Thanks for sharing – that sounds like a great weekend! I think kids have it more ‘together’ because of all of the barriers and nonsense and BS we put into our lives as adults.
I think valuing the time you DO have with those you love instead of measuring whether or not it is enough is definitely an important thing to learn. And too few people seem to learn it!
Again, you hit the nail on the head, THAT song, “Cats in the Cradle” was painful and wrenching the first time I heard it– and so many years later– it still is.
His words still teach a really powerful lesson, and bears re-listening to, if its been awhile since you’ve heard it.
Dan Fogelberg’s “Leader of the Band” is another that still just grabs my throat that same way.

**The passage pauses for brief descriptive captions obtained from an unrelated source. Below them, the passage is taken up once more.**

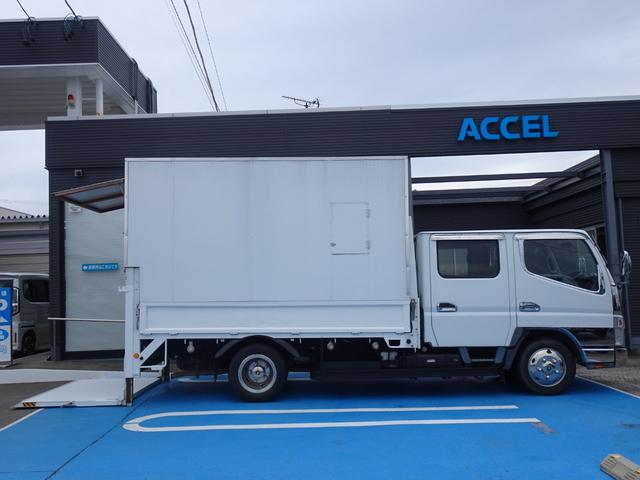 キャンター 　積載２ｔ　ダブルキャブ　６人乗り　５ＭＴ　新明和　垂直パワーゲート　ＰＧ　昇降能力８００ｋｇ　荷台長３１２幅１６９高１９９　原動機４Ｍ４２　ディーゼルターボ　ＮＯｘ・ＰＭ適合（15枚目）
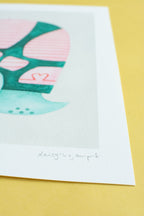 Schildkröte Aquarellprint Kinderzimmer von der Münchner Illustratorin Kathrin Boll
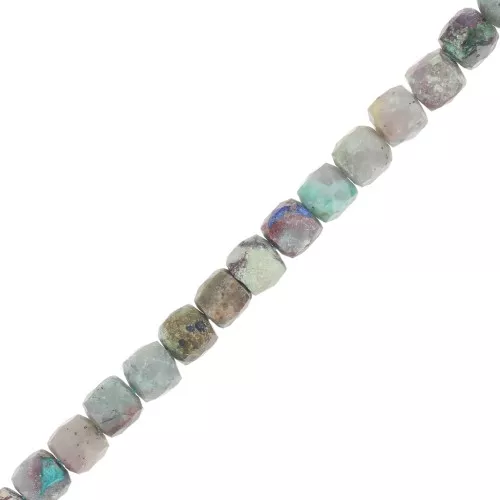 4x4 mm gemstone Faceted cube beads - Chrysocolla x10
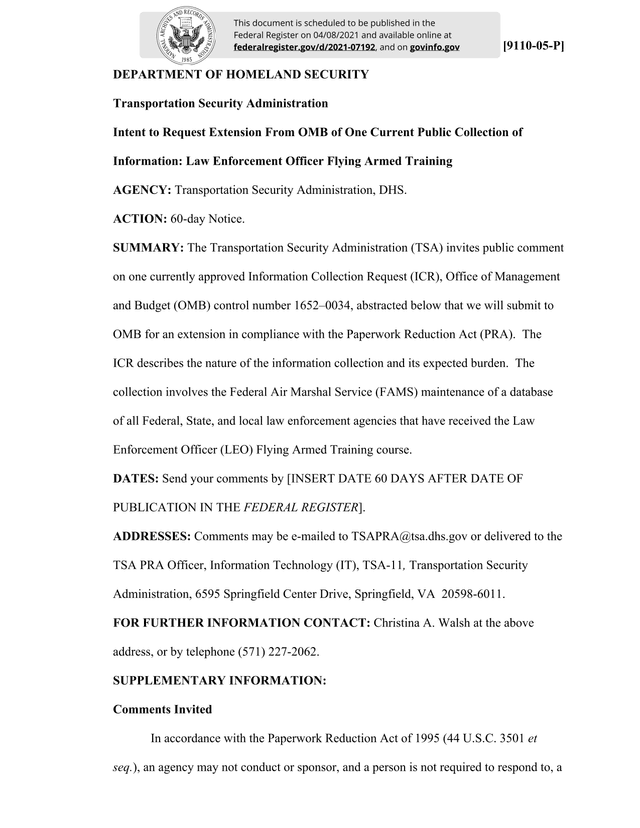 Intent To Request Extension From OMB Of One Current Public Collection Of Information Law Enforcement screenshot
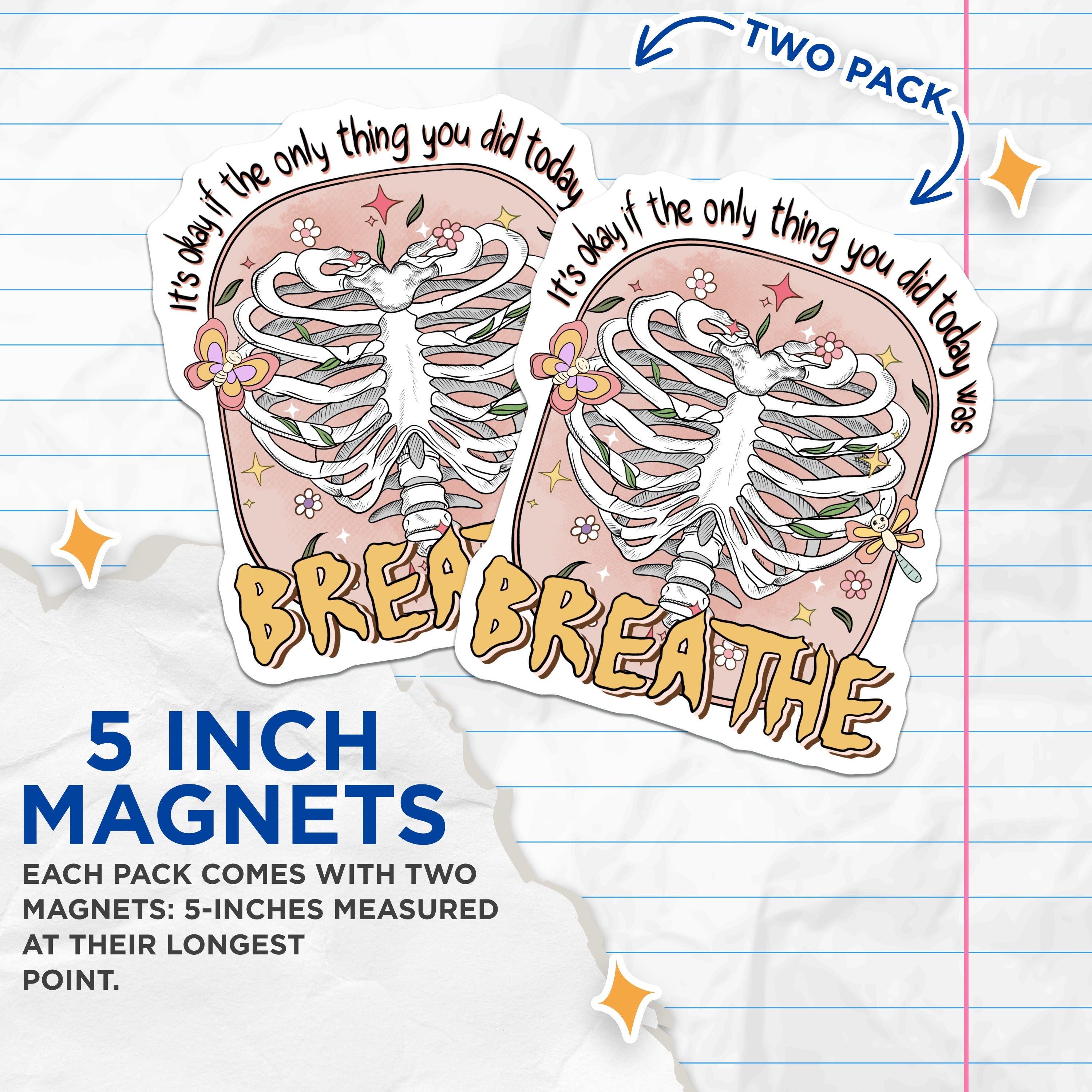 (2 Pack) Mental Health Magnets - Self Care Reminder - Just Breathe Art - Inspirational Wellness Decor - Positive Affirmation Magnets - 5" - Durable Magnet - Made in USA - MAG38094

When we were younger, our parents, if they were even asked, would tell us to study something that would lead us to a good job or career. It was very important to them that we find our career path while we were in school, so that we could support our own families when the time came.
We told out kids to study and find their passion–to find what made them tick, not just what would fill their wallets.
Looking back, I majored in what I loved, and actually, so did my siblings. We studied what drew us in and found ways of making those majors work for us.
Now, our kids are grown. We tried, in our own very imperfect ways, to give them everything we could– to encourage them to find their own roads, ones that would serve them well, but also ones that encouraged their own passions. Now– its their turn for each to travel down his or her own road.
Its so hard to let them grow up and go, but its so wonderful when they come back to see us.
Harry Chapin’s words made a great difference to so many, many of us, and it still does.
Please, listen to it while you still can.
Great comment Clare 🙂
I know that like you I was steered towards more practical things – away from writing and music and towards engineering. But the reality is as cool as those other things sounded, math and physics were already my passion … and are still that way as I have passed 30 years since high school graduation.
At the same time I have seen many well educated and smart kids in ‘safe’ industries go without finding a job – nothing is safe, so it is more important than ever to do what you love.
And as a parent I will never regret that I always put my family first. I know I have ‘left money on the table’ … but that is OK.